TASK PROMPT:
Pictures are not part of the copy. Set down exactly the lines from the one containing "ホコモモラ　ジャケットワンピース　セットアップ　チュール　フォーマル　ピンク　L" through the last line of the material below.
:: INFORMATION ::
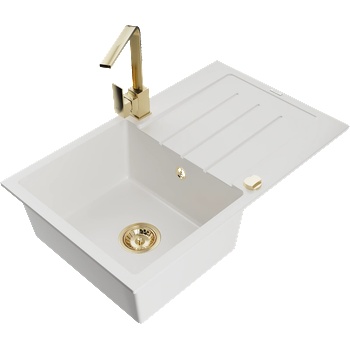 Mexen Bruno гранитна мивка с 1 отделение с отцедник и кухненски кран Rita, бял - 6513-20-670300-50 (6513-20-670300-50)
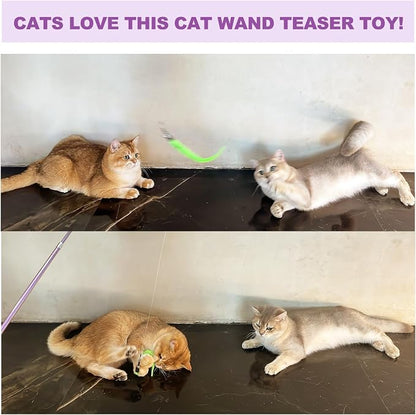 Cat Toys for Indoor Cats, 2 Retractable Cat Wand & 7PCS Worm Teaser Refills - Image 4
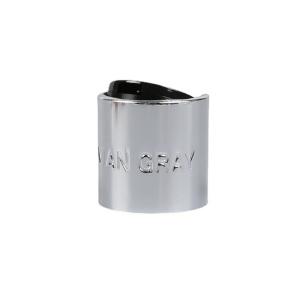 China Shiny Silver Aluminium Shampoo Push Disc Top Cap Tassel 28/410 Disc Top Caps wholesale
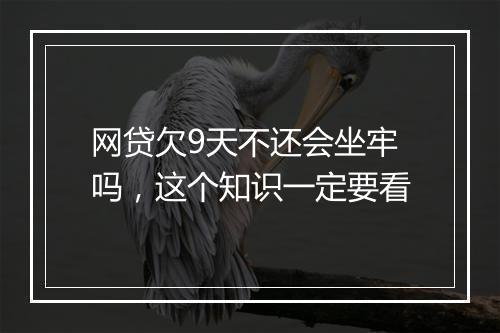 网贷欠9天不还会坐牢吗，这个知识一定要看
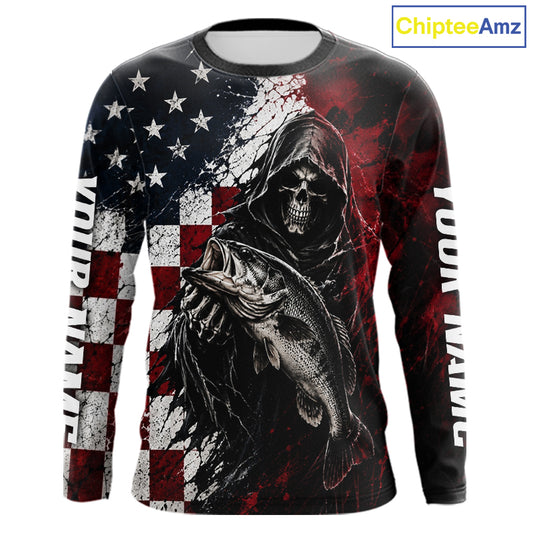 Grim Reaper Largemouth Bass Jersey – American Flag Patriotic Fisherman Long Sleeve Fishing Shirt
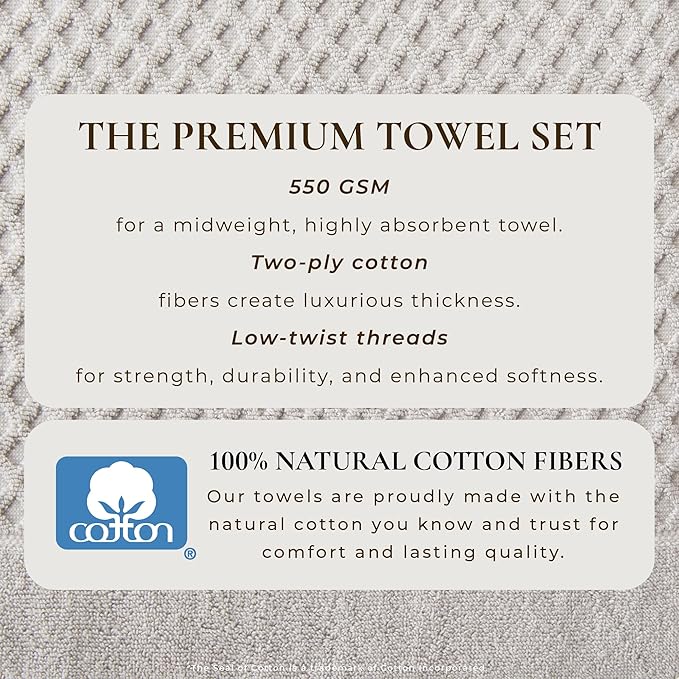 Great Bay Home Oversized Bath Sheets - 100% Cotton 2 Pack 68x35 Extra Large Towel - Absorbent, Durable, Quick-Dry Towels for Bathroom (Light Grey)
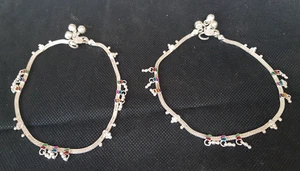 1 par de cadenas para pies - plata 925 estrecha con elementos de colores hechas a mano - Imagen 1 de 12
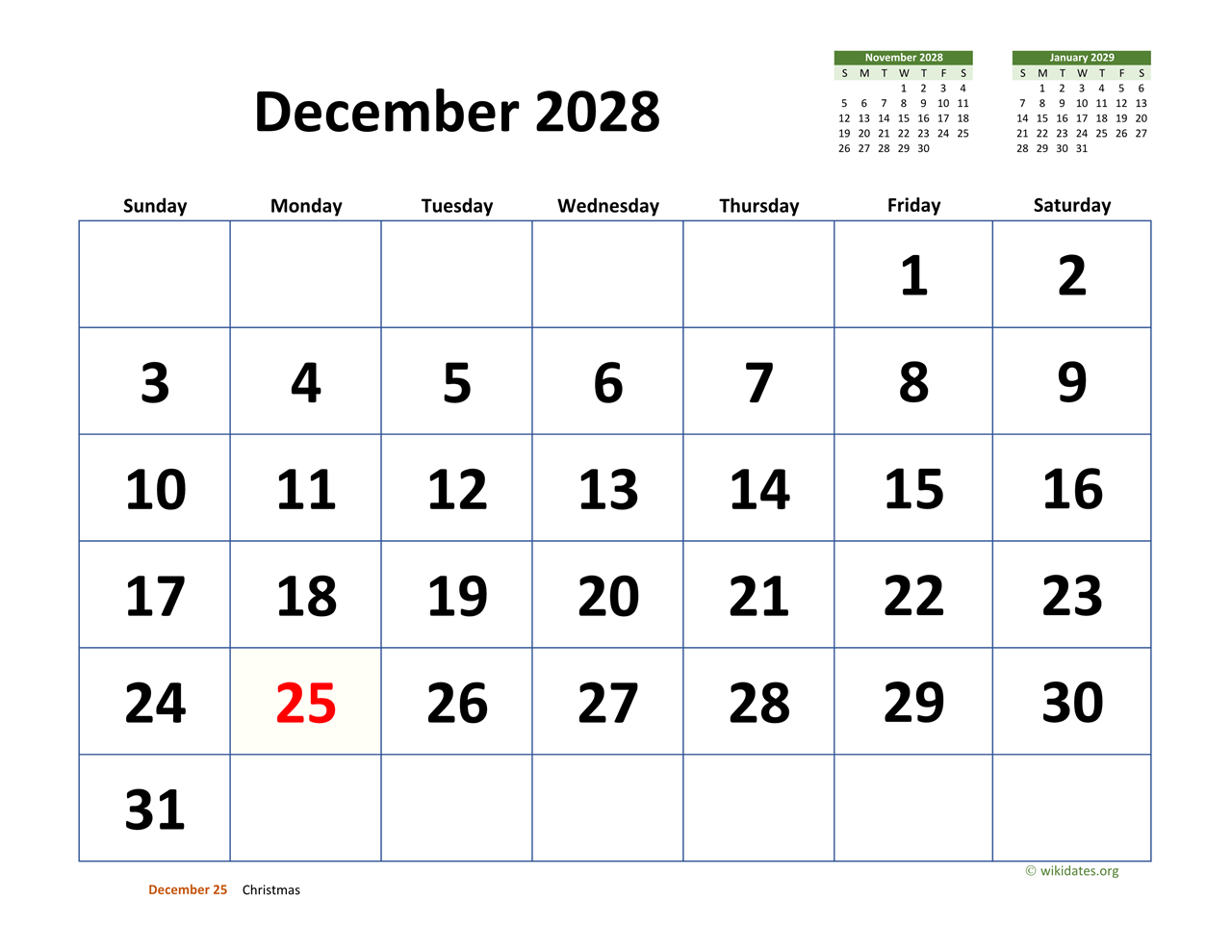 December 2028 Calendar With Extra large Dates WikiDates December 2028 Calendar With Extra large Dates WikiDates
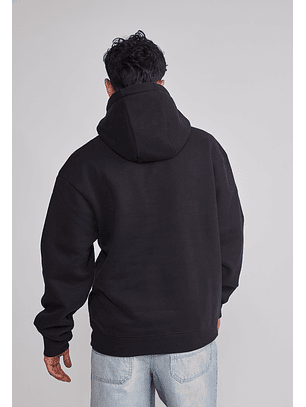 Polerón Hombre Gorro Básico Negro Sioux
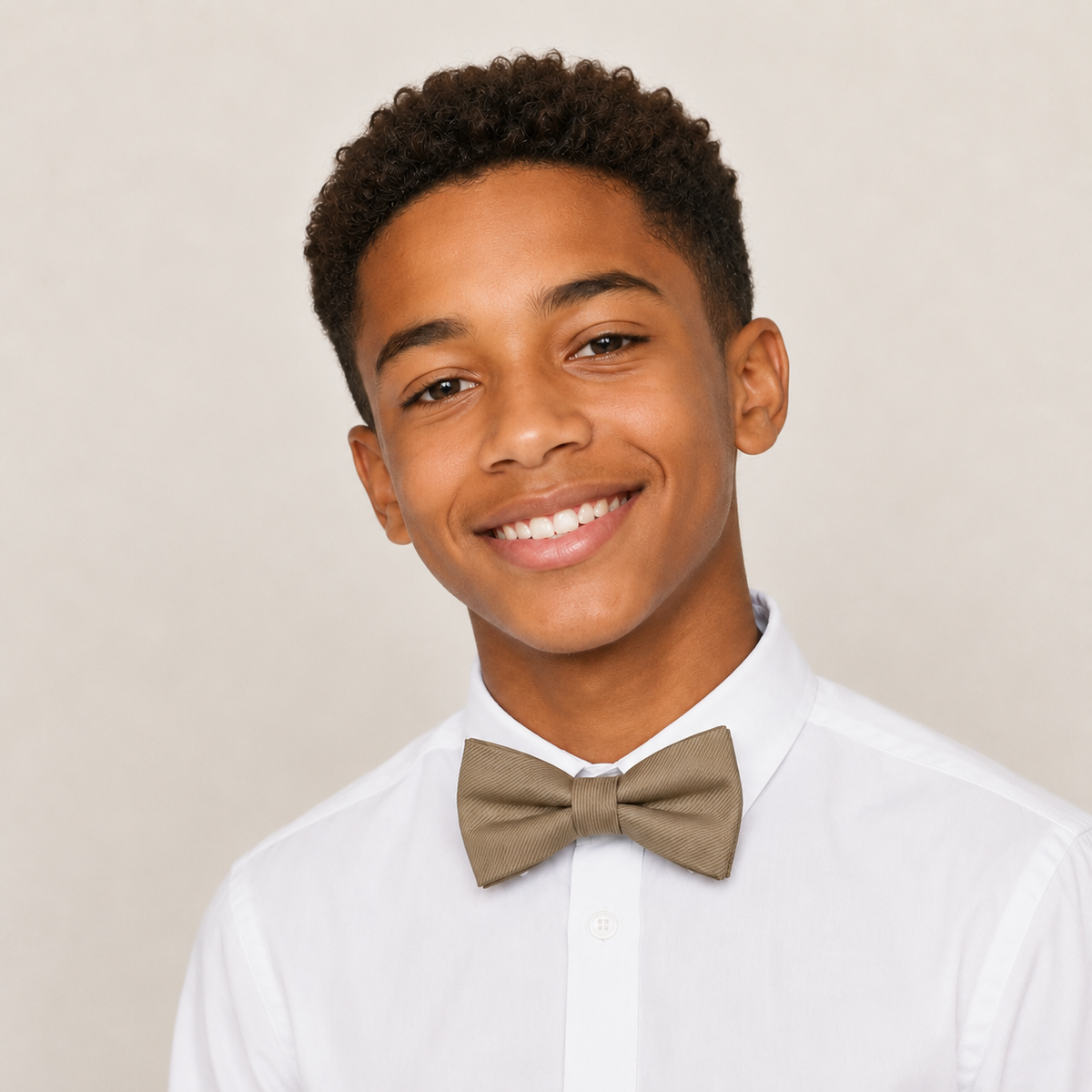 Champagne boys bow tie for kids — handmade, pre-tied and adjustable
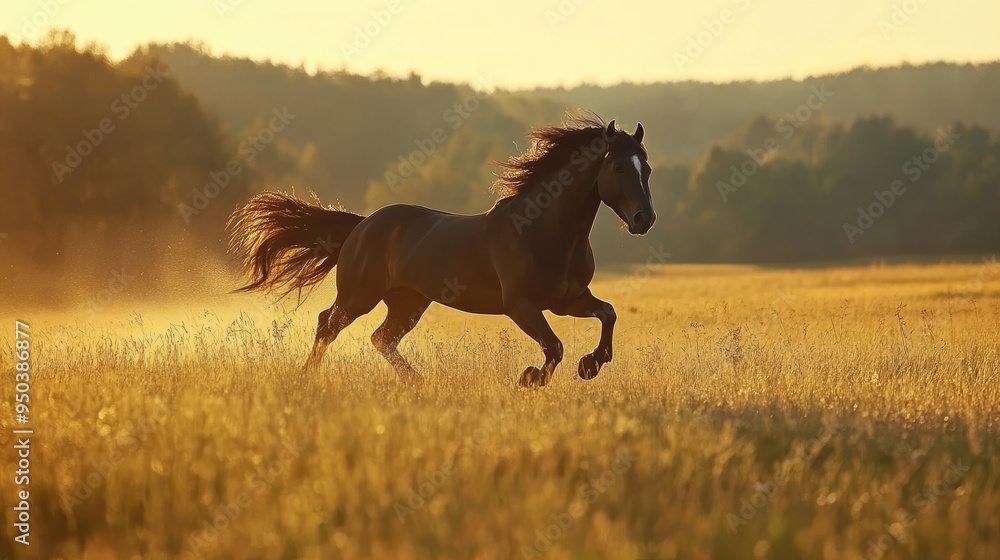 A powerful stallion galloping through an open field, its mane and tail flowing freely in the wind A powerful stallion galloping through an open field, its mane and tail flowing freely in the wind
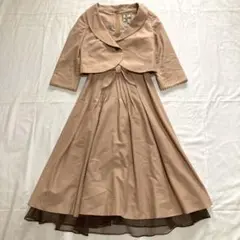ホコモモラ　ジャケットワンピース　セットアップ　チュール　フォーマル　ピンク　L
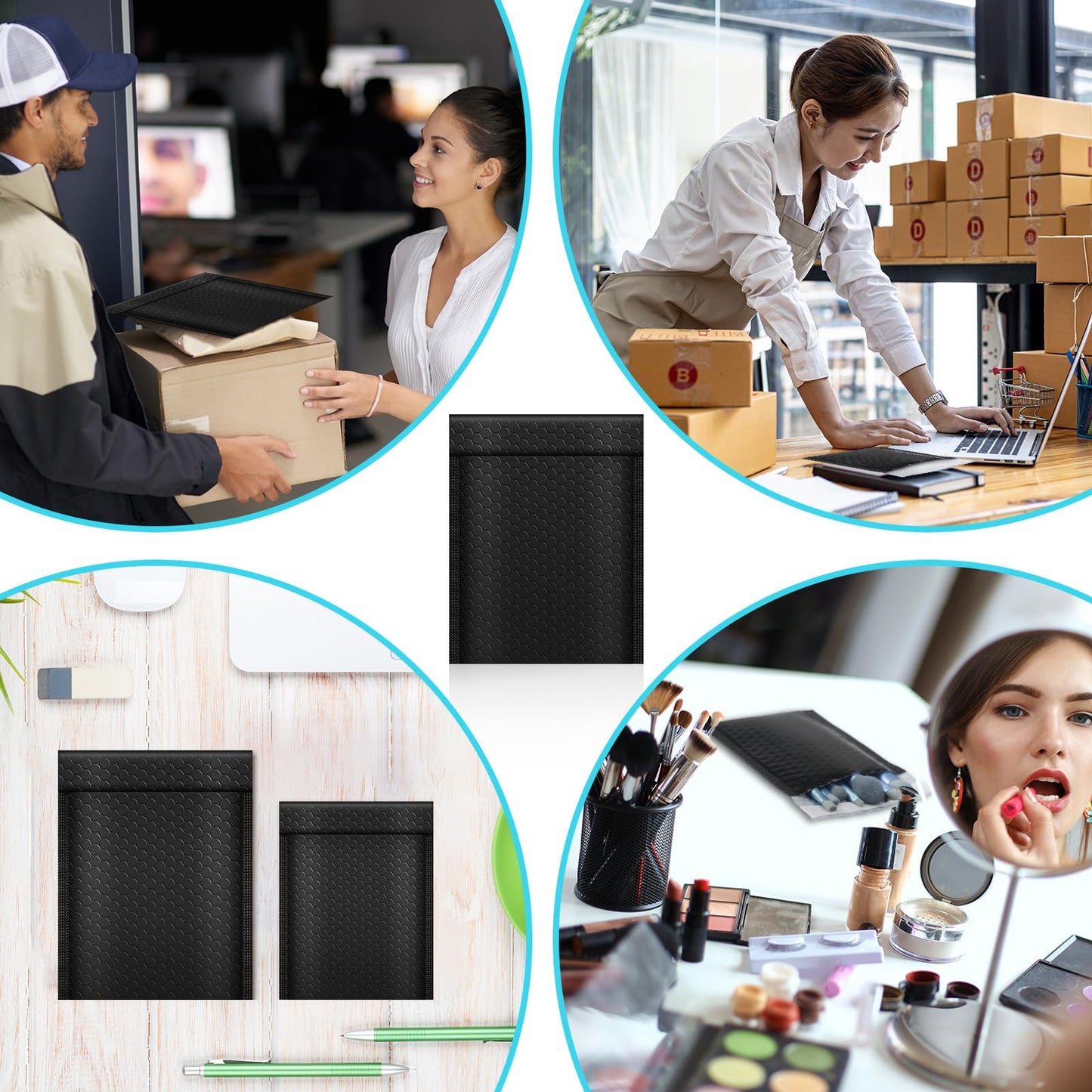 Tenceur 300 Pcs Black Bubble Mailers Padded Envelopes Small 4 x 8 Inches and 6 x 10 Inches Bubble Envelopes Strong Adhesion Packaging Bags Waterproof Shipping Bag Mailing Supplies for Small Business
:::
FINISHED TASK:
ホコモモラ　ジャケットワンピース　セットアップ　チュール　フォーマル　ピンク　L
 Tenceur 300 Pcs Black Bubble Mailers Padded Envelopes Small 4 x 8 Inches and 6 x 10 Inches Bubble Envelopes Strong Adhesion Packaging Bags Waterproof Shipping Bag Mailing Supplies for Small Business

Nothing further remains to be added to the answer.